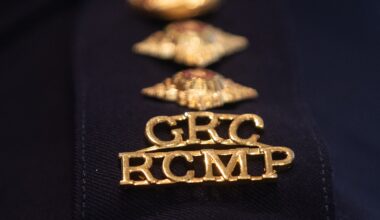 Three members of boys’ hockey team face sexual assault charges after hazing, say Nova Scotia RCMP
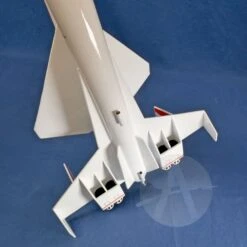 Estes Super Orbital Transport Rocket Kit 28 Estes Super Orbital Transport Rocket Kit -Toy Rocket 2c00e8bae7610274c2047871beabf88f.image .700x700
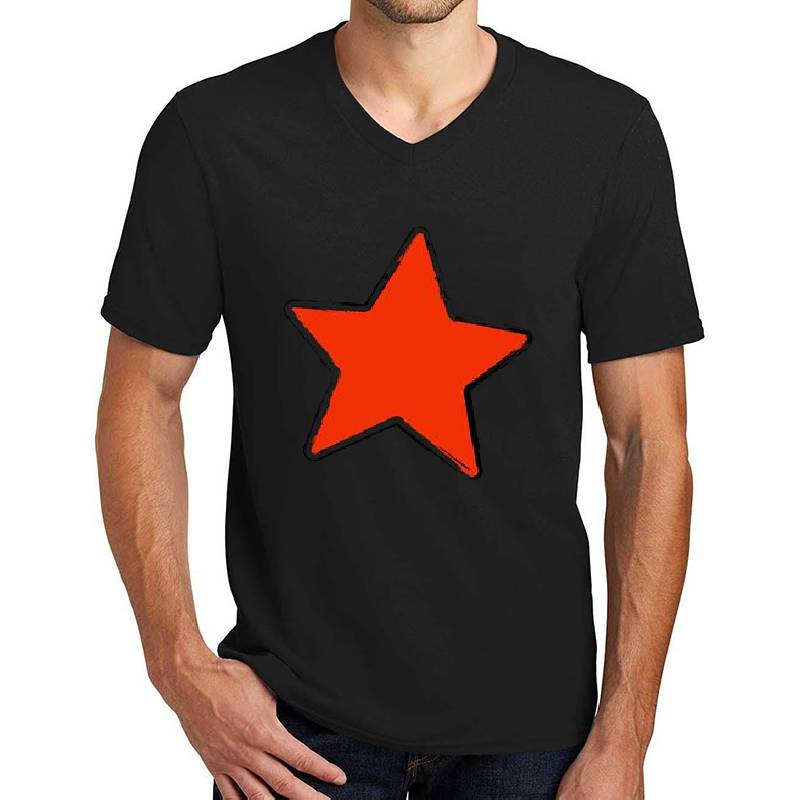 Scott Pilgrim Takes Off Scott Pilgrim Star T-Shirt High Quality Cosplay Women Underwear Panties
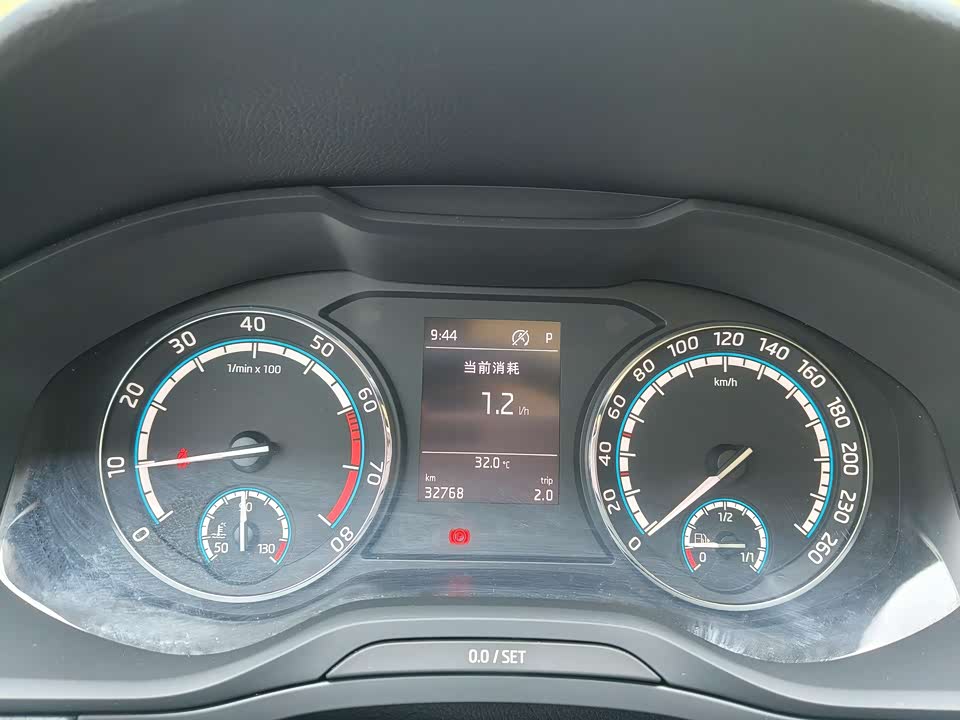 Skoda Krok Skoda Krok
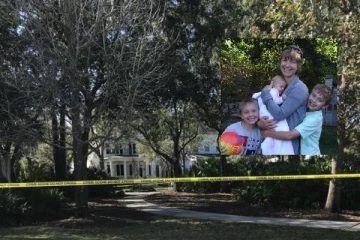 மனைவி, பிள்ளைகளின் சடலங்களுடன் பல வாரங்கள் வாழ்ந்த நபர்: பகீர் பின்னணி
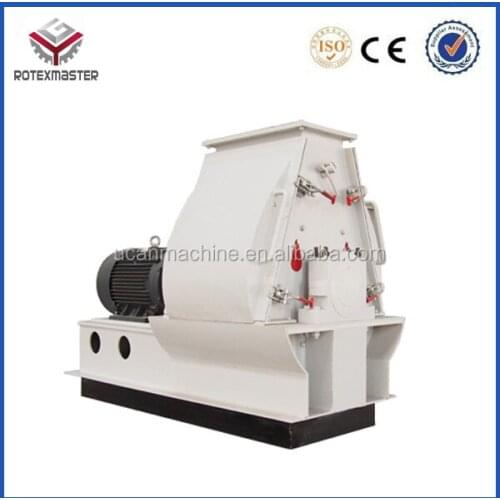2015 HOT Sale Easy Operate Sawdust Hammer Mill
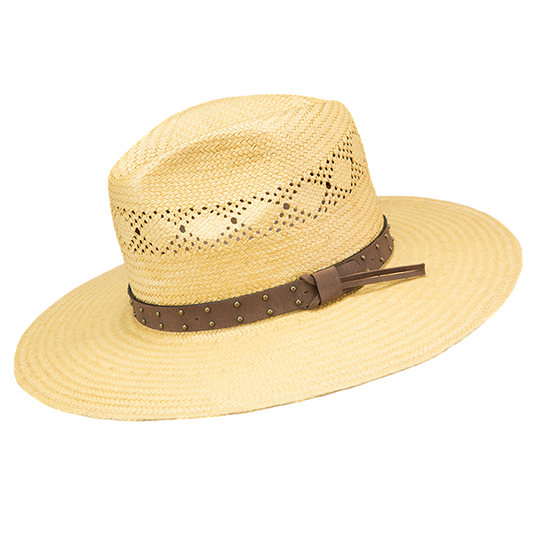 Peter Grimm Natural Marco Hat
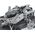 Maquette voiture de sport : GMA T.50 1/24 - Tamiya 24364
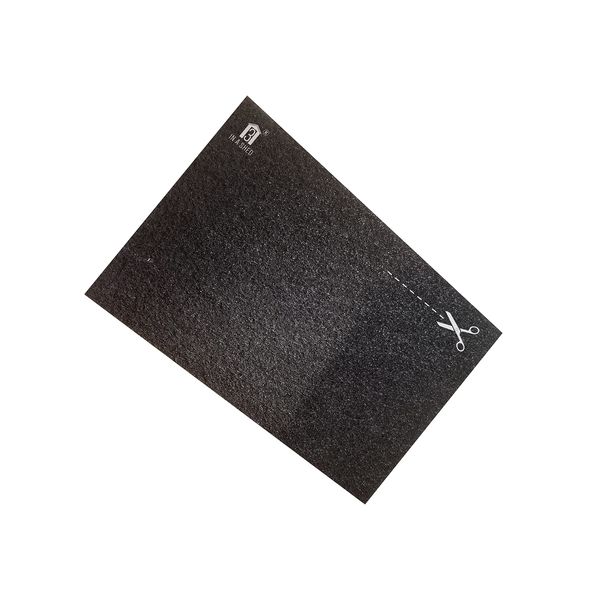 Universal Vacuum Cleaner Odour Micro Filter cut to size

_ _ _ _ _

■ ASSIGNED TASK ■
Write out the whole listing verbatim, images excluded.

■ WRITTEN ANSWER ■
 Three members of boys’ hockey team face sexual assault charges after hazing, say Nova Scotia RCMP
 Estes Super Orbital Transport Rocket Kit 28 Estes Super Orbital Transport Rocket Kit -Toy Rocket 2c00e8bae7610274c2047871beabf88f.image .700x700
 Scott Pilgrim Takes Off Scott Pilgrim Star T-Shirt High Quality Cosplay Women Underwear Panties
 Skoda Krok Skoda Krok
 மனைவி, பிள்ளைகளின் சடலங்களுடன் பல வாரங்கள் வாழ்ந்த நபர்: பகீர் பின்னணி
2015 HOT Sale Easy Operate Sawdust Hammer Mill
 Peter Grimm Natural Marco Hat
 Maquette voiture de sport : GMA T.50 1/24 - Tamiya 24364
 Universal Vacuum Cleaner Odour Micro Filter cut to size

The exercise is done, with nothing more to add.